START Given material
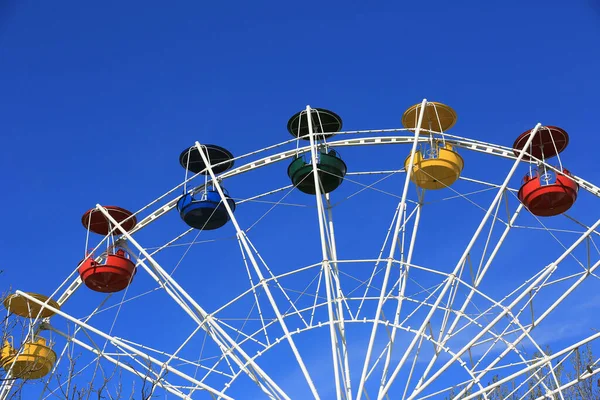 View Ferris Wheel Blue Sky Background — Stock Photo, Image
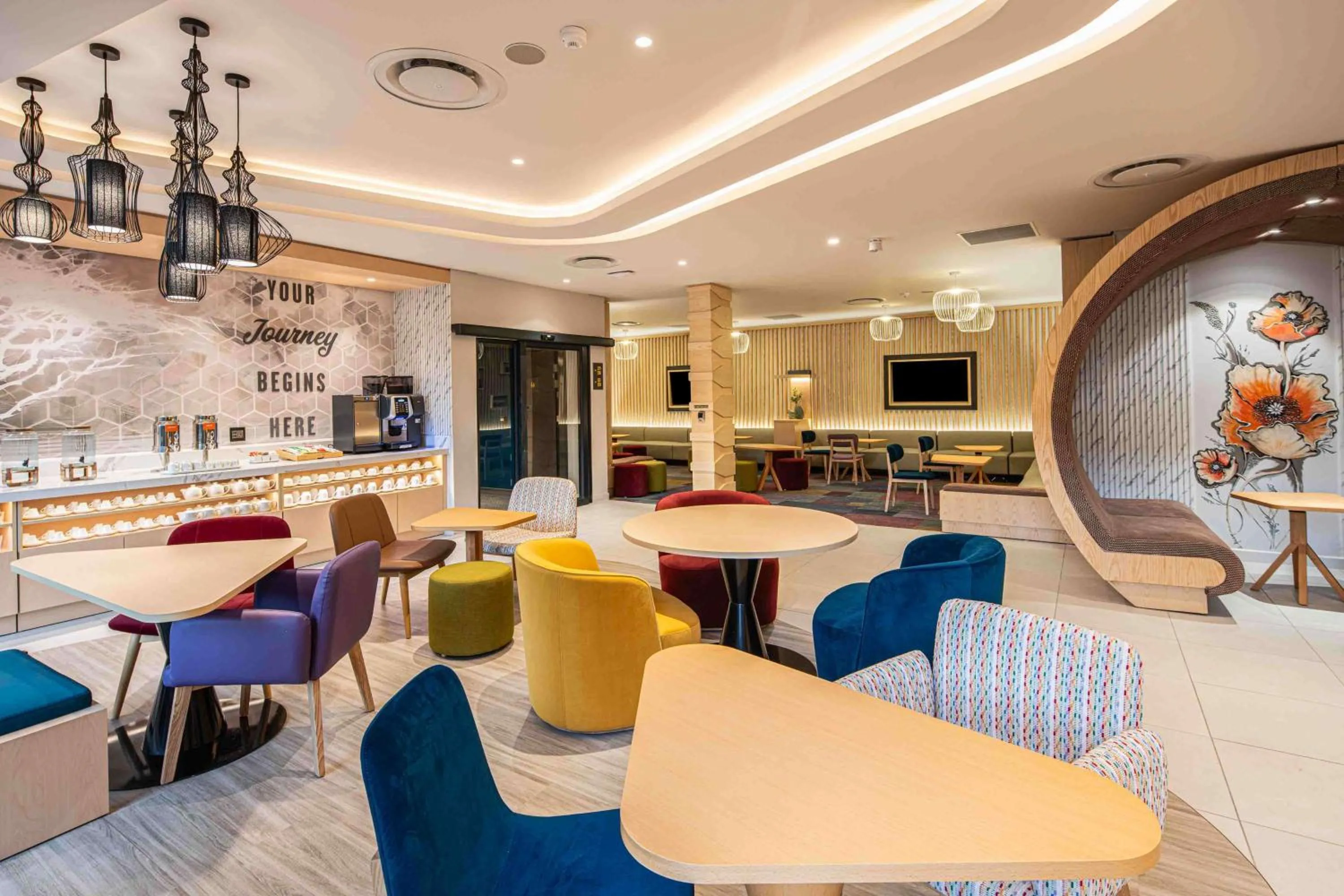 Restaurant/places to eat in Hampton By Hilton Sandton Grayston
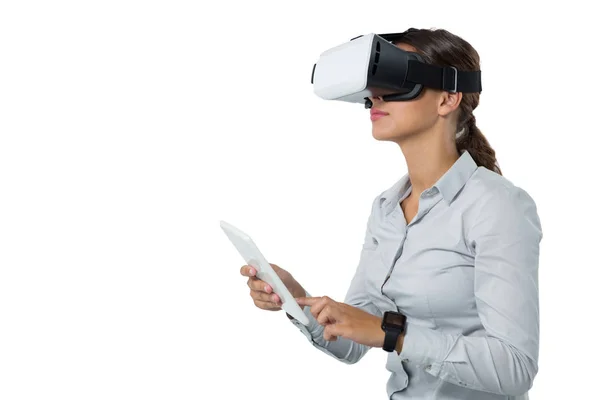 Kvinnliga verkställande använder virtuell verklighet headset — Stockfoto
END Given material
▶ **The problem**: Go through the material and set it down again exactly, but without any pictures.

▶ **Exercise response**:
 View Ferris Wheel Blue Sky Background — Stock Photo, Image
 Restaurant/places to eat in Hampton By Hilton Sandton Grayston
 Kvinnliga verkställande använder virtuell verklighet headset — Stockfoto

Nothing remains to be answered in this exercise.